=== Section Start ===
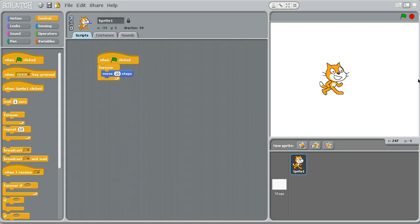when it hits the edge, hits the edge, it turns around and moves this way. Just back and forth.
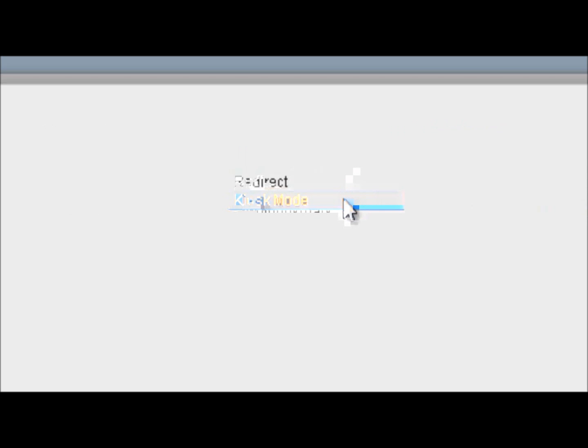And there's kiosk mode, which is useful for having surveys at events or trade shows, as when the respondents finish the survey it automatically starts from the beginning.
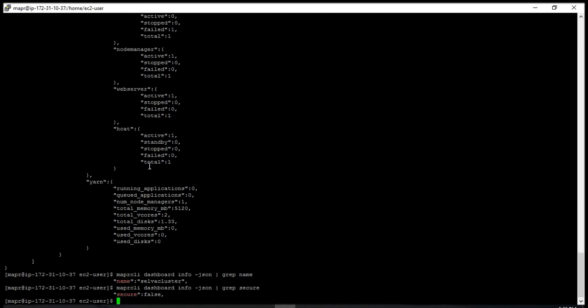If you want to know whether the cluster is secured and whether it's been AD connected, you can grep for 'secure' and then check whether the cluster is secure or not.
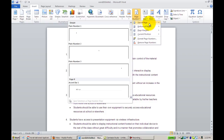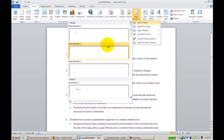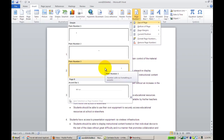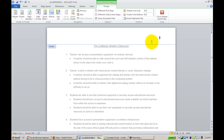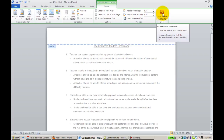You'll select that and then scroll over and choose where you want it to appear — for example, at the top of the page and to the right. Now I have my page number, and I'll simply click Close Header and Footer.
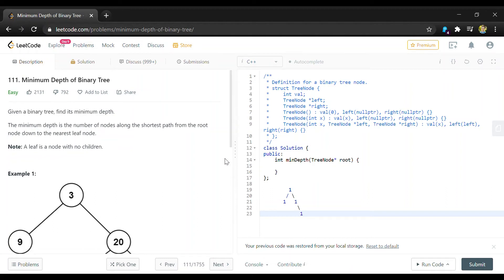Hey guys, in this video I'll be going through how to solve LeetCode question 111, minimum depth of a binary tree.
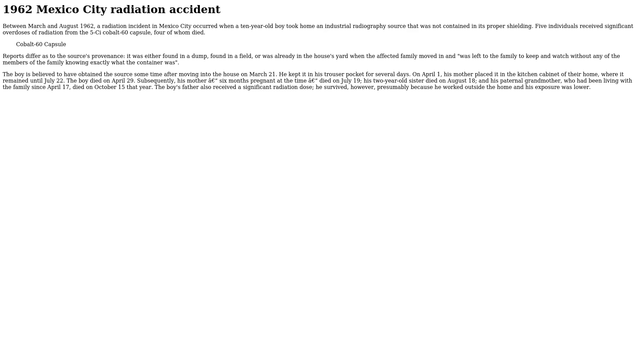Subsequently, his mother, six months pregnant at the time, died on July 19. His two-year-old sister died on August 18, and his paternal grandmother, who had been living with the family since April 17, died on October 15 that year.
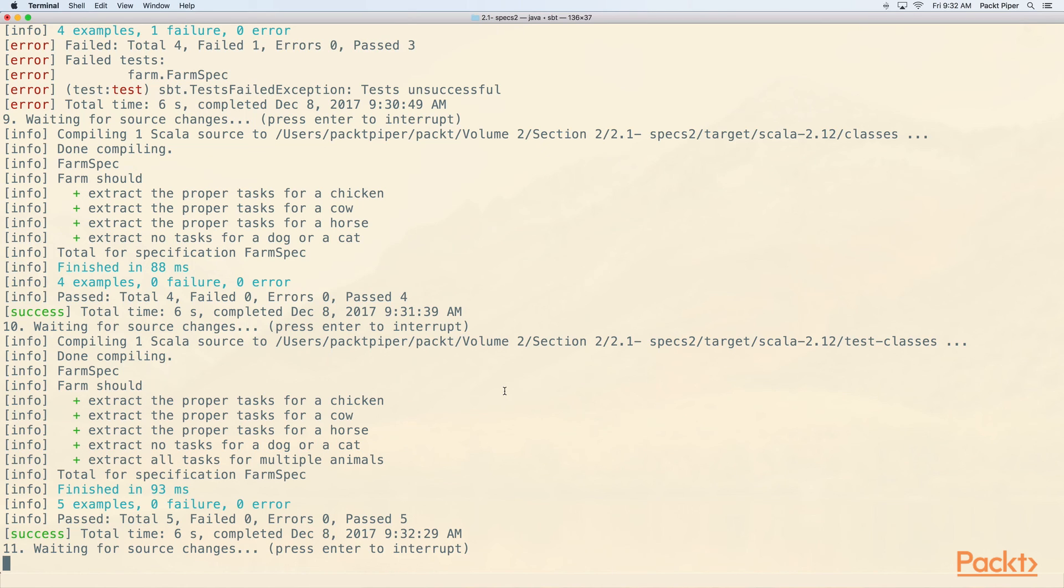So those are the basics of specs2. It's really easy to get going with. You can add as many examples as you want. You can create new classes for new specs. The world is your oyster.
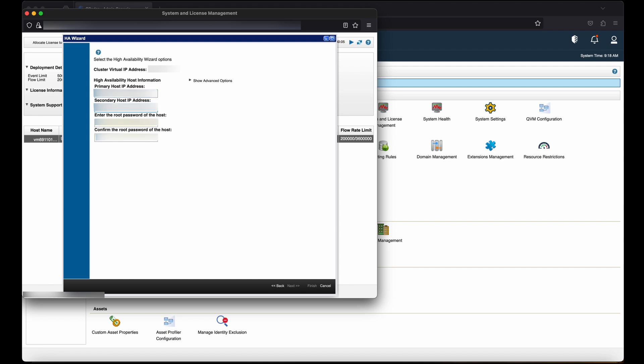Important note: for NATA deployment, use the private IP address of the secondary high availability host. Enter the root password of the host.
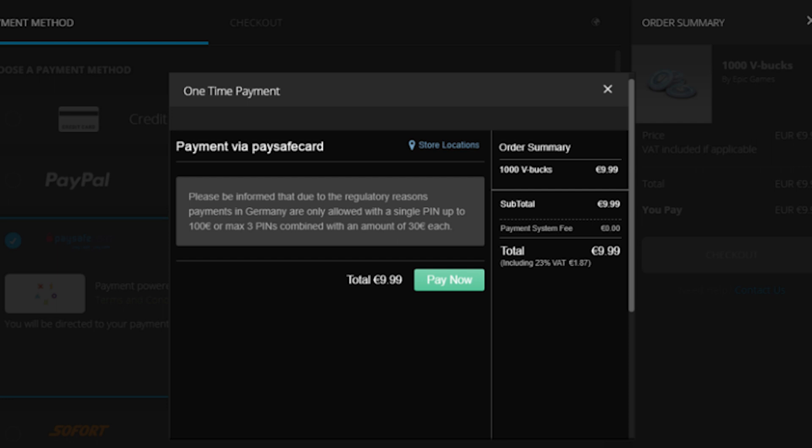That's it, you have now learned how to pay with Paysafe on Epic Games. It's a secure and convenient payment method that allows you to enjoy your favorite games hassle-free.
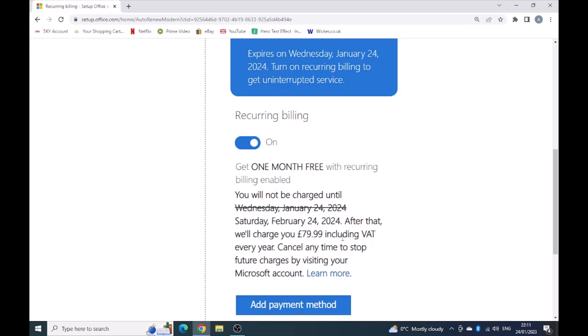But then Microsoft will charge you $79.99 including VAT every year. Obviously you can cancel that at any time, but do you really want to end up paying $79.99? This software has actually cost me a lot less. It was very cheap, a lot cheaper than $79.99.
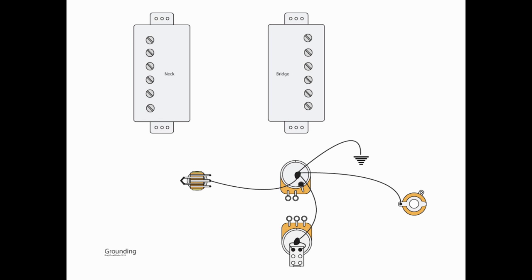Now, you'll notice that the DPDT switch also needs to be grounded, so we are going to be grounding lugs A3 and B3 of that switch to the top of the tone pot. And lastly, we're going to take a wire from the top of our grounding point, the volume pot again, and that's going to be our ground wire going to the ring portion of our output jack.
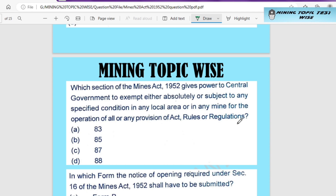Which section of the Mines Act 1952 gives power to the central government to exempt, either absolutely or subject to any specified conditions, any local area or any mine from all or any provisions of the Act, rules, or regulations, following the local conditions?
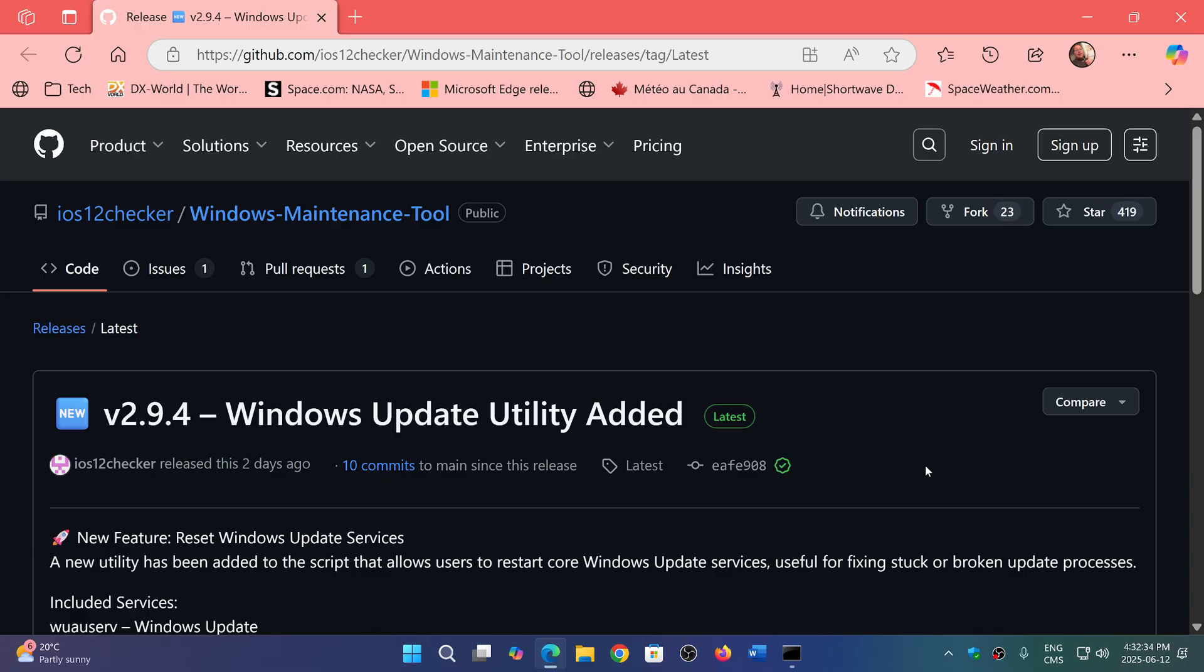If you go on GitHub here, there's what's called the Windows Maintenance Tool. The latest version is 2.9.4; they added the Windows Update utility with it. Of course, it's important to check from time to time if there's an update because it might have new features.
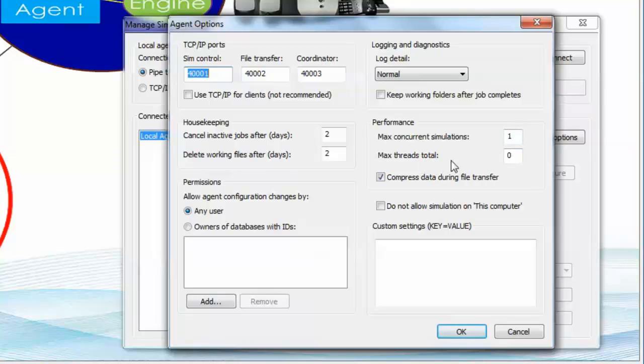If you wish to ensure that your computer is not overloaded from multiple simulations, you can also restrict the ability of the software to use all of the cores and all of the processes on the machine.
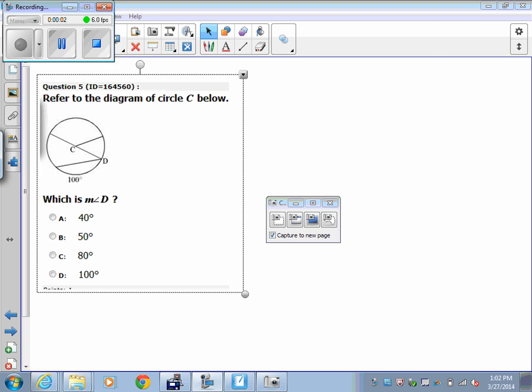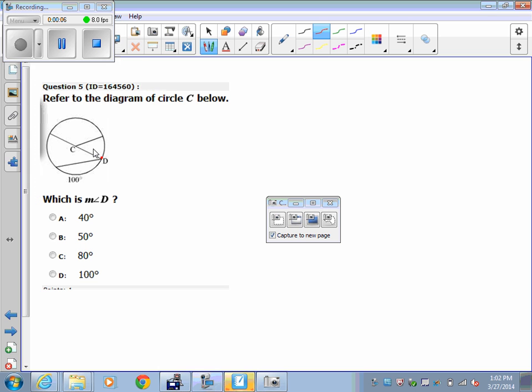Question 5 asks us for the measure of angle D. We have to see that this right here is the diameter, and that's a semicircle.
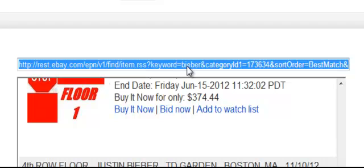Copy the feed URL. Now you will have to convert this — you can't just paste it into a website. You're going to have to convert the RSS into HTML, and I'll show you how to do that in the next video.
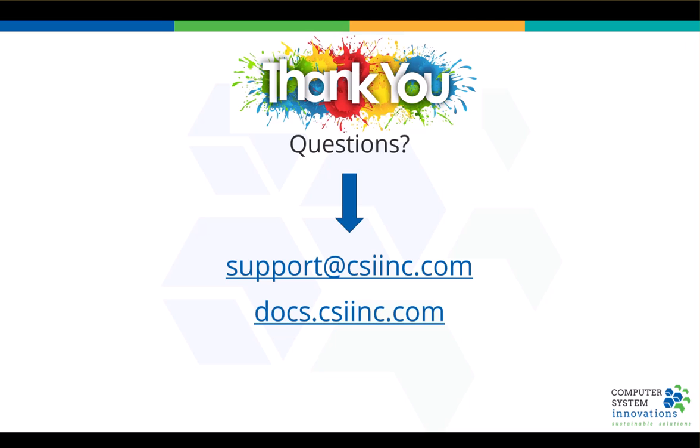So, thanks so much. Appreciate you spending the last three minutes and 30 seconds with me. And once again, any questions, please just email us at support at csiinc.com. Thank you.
=== Section End ===
> [WORK TO BE COMPLETED]
From the line that contains "Copy the feed" down to the final line of the entries above, please copy each line exactly, excluding pictures.

> [ANSWER TO THE PROBLEM]
Copy the feed URL. Now you will have to convert this — you can't just paste it into a website. You're going to have to convert the RSS into HTML, and I'll show you how to do that in the next video.
So, thanks so much. Appreciate you spending the last three minutes and 30 seconds with me. And once again, any questions, please just email us at support at csiinc.com. Thank you.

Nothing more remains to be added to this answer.